Web page caption snippets:
»»

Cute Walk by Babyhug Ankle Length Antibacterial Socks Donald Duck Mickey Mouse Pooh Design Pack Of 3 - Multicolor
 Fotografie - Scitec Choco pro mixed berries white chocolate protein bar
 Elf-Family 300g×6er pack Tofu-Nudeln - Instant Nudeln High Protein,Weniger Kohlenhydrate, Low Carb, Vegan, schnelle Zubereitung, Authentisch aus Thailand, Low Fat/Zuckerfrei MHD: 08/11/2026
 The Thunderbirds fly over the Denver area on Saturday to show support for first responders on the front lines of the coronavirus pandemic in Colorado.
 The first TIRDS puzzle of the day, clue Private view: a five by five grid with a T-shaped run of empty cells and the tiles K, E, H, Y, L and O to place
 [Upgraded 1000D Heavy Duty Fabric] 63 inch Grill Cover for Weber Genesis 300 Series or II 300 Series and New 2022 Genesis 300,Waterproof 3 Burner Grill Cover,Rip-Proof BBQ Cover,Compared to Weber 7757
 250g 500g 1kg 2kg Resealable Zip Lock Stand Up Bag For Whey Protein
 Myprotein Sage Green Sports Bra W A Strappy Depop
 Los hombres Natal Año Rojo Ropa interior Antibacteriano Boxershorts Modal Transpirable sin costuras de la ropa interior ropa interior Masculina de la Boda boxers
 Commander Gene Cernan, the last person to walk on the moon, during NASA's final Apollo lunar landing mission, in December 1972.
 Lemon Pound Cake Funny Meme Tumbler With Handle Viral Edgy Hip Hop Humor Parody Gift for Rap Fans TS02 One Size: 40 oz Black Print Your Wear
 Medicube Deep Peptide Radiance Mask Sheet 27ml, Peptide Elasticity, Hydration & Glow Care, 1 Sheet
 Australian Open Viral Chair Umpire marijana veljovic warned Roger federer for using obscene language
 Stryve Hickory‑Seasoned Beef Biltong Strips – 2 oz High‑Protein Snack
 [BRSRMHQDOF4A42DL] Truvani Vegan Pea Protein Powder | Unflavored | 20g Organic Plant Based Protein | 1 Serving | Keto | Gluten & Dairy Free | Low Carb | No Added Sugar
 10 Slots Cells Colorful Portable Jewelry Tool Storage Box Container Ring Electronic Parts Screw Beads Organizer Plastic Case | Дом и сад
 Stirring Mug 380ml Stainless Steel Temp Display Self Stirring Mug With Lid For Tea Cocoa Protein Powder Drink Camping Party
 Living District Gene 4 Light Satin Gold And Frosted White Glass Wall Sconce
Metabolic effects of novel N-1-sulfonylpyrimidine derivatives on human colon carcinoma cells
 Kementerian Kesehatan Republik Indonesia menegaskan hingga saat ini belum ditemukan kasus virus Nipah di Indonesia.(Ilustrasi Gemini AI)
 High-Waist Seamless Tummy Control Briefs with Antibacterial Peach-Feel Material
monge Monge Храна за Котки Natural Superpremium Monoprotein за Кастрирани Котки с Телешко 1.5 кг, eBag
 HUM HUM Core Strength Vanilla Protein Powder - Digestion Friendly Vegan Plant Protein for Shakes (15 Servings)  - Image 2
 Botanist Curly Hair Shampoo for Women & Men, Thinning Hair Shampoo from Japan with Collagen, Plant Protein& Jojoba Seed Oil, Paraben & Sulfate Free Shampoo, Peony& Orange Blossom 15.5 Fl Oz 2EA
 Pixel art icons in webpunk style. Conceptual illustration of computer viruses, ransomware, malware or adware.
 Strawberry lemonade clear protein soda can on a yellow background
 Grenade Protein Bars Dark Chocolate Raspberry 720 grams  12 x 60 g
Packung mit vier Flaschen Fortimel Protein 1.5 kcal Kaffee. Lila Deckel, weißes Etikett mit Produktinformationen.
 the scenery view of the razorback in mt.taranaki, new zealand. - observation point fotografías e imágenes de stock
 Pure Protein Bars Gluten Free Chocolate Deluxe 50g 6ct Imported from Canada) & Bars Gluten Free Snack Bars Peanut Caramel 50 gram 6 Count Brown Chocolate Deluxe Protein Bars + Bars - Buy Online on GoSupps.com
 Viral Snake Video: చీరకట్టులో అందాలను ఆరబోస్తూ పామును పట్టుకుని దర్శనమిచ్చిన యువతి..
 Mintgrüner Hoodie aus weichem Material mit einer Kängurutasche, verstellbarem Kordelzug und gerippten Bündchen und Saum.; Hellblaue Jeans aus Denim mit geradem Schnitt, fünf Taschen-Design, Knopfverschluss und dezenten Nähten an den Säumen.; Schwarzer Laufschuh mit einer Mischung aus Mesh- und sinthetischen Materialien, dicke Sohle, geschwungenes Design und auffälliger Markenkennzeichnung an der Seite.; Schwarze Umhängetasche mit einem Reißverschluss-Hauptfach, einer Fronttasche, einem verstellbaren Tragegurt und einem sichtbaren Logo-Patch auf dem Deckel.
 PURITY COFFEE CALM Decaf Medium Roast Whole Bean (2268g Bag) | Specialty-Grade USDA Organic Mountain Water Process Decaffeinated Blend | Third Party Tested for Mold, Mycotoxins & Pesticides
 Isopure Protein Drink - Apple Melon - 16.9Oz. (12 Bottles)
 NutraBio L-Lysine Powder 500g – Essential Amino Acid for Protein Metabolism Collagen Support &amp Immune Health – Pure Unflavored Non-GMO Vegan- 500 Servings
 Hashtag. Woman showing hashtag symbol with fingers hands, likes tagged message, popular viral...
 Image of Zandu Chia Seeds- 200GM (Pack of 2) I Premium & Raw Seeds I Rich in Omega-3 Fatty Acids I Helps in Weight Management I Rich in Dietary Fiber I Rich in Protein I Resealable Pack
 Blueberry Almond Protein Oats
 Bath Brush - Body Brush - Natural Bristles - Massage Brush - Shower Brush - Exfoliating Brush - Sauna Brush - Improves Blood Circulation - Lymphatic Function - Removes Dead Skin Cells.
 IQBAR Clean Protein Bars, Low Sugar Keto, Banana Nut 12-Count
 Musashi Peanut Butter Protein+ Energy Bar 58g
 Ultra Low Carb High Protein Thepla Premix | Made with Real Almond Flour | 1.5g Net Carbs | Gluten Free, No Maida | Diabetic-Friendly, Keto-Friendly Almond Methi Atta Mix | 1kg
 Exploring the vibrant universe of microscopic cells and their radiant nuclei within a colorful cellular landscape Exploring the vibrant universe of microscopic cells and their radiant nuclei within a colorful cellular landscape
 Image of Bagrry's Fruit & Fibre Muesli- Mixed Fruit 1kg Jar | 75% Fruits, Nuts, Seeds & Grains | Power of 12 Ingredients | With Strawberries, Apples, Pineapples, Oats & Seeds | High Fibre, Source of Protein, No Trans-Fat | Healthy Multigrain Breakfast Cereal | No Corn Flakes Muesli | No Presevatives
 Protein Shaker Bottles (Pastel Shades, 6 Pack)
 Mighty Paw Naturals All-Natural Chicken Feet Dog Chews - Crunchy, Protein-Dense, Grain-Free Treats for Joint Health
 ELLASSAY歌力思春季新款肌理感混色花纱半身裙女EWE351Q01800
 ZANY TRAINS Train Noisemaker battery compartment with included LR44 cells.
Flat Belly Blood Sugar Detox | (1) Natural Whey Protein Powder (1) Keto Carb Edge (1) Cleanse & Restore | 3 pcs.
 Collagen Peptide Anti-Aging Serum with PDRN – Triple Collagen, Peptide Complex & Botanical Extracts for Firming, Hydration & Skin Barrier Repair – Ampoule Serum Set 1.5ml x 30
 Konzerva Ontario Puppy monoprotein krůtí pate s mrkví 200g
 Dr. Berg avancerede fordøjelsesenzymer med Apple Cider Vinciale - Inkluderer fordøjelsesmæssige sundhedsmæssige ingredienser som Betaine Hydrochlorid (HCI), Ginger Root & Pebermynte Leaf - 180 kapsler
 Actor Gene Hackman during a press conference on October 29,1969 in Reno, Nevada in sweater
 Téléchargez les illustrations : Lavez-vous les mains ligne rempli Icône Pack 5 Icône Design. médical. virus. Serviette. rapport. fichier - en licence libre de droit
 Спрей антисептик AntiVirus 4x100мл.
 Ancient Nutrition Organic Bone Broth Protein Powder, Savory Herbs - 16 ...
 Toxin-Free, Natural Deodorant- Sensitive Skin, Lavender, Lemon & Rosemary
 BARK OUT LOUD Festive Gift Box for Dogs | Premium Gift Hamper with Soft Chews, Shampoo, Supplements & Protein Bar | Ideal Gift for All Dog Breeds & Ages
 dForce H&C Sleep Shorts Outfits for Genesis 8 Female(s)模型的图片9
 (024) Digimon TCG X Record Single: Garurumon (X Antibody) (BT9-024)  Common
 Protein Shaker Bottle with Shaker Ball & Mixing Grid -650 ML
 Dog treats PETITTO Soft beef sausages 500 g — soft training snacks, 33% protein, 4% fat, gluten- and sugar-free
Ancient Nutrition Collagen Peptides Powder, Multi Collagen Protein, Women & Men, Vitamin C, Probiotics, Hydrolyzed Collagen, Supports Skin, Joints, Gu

««

#### [What you need to do]
Copy out every line from the data above that has "Drink" in it.

#### [Result of the exercise]
 Stirring Mug 380ml Stainless Steel Temp Display Self Stirring Mug With Lid For Tea Cocoa Protein Powder Drink Camping Party
 Isopure Protein Drink - Apple Melon - 16.9Oz. (12 Bottles)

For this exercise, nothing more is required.